Seulement, cette « dédiabolisation » du FN, c’est du bullshit, un discours de Jean Charest serait plus honnête ; c’est que, voyez-vous, le FN, comme tout ses petits camarades, n’en a en fait rien à carrer que la victime de sa haine soit l’immigré, le représentant d’une religion non catholique ou le patagon. J’ose même dire que les musulmans, l’islam, tu t’en bat la nouille avec une francisque. Un jour ou l’autre – comme tu n’arriveras probablement jamais à vraiment prendre le pouvoir chez nous, sauf invasion de l’Allemagne -, les mentalités auront changé comme elles changent toujours et plus personne d’autre -hormis que les éternels paumés de l’histoire que tu rassemble normalement- ne s’offusquera de ce que Momo mange son poulet hallal ; ou que Laurence et Gertrude puissent se marier et avoir beaucoup d’enfants, et tu arrêteras alors de nous casser les fumes avec ton islamophobie à la gomme. Mais je ne me fais pas de soucis, tu ne manqueras pas de trouver un nouveau groupe de bouc émissaire. L’important pour toi, ô mon ami réactionnaire conservateur au front bas, c’est juste de haïr. Tu t’en fout du resteL’objet de cette haine, limite, il s’en bat : la haine, l’exclusion, la dénonciation de l’Autre, c’est ce qui justifie son existence, et il n’existe que par elle, c’est son fond de commerce au final. Tu peux essayer de cacher ça, de transformer ton nom, de changer de victime, c’est inutile ; en définitive, ton but, cher Fn, c’est toujours de dénoncer autrui pour bloquer toute progression de la Gôche, ton seul, unique et véritable ennemi depuis que tu existe.

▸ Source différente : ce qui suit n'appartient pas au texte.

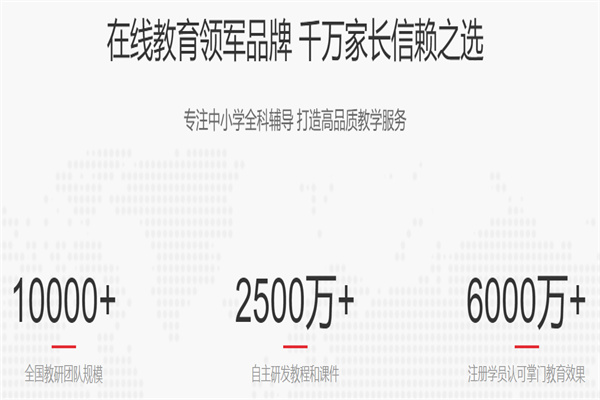 掌门少儿产品 门店图片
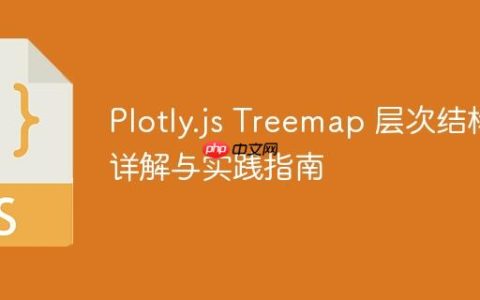 Plotly.js Treemap 层次结构详解与实践指南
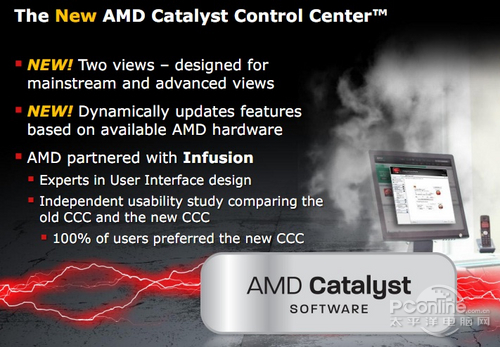 更加简洁易用的AMD催化控制中心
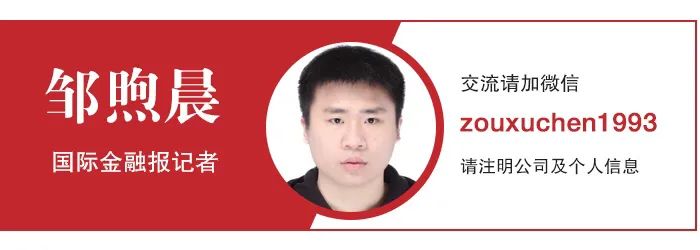 智明达业绩,智明达盈利预测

De là, il est excessivement peu surprenant que l’UMP s’allie avec le FN ; eux aussi, ils ont des petits problèmes avec la Gôche. D’ailleurs, convenons que les éditorialiste de la Drouate ont bien raison, d’un certain point de vue : dans le combat pour la défense de l’Argent de la doxa ultra-libérale, on peux penser, quand on pense comme eux, que le meilleur allié face au PS partageur et social (lol), c’est le Front National.  De là, il est normal de dénier à l’UMP le droit de représenter la droite républicaine (qui n’est donc pas la même que la droite parlementaire), celle qui ne pactise pas avec l’extrême-droite. De là aussi, on peut avoir un peu de compassion pour François Bayrou, qui paye pour avoir sauvé l’honneur de la droite – ce qui ne lui a pas valu un meilleur sort de la part du PS, mais voilà dix ans que les Socialistes attendent pour pouvoir se goinfrer à leur tour, c’est pas pour réagir plus intelligemment (3) que leurs prédécesseurs malchanceux. Et heureusement, d’ailleurs, parce que sinon, il n’y aurait plus d’alternance, avouez que ça serait ballot…

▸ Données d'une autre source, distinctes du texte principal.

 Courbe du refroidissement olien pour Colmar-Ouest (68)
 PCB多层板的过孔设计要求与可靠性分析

Bien cordialement, Amadev (FR)

(1) Sans faire de comparaison oiseuses, remplacez crise de 29 par crise de 2008, Youpin par Bicot et « ce jeune caporal allemand prometteur, ce monsieur Adolf » par « cette jeune blonde sympathique », et les similitudes vous sauteront aux yeux. Tout simplement parce que de tout temps et en tout lieu, l’extrême-droite n’a jamais été rien d’autre que les idiots utiles du système capitaliste, pour détourner l’attention des masses sur le bouc émissaire de service, histoire qu’ils arrêtent de se demander qui a provoqué la fameuse crise économique. Non, non, la Grèce est juste victime de l’immigration illégale, allons. Are u fucking kidding me ?

(2) Franchement, après la campagne de 2007, je pensais pas qu’il y avait encore la place pour un de plus, mais l’histoire récente vient de nous prouver le contraire. Et à mon humble avis, les défenseurs des droits de la femme ne vont pas remercier très chaleureusement la Première Folcoche  (comme doivent déjà l’appeller les Quatre Fils Aymon Hollande).

(3) En s’alliant avec le Front de Gauche de manière correcte et honnête, il y aurait bel et bien eu une vague de gauche à l’assemblée. Mais, non, le PS ne voulait pas.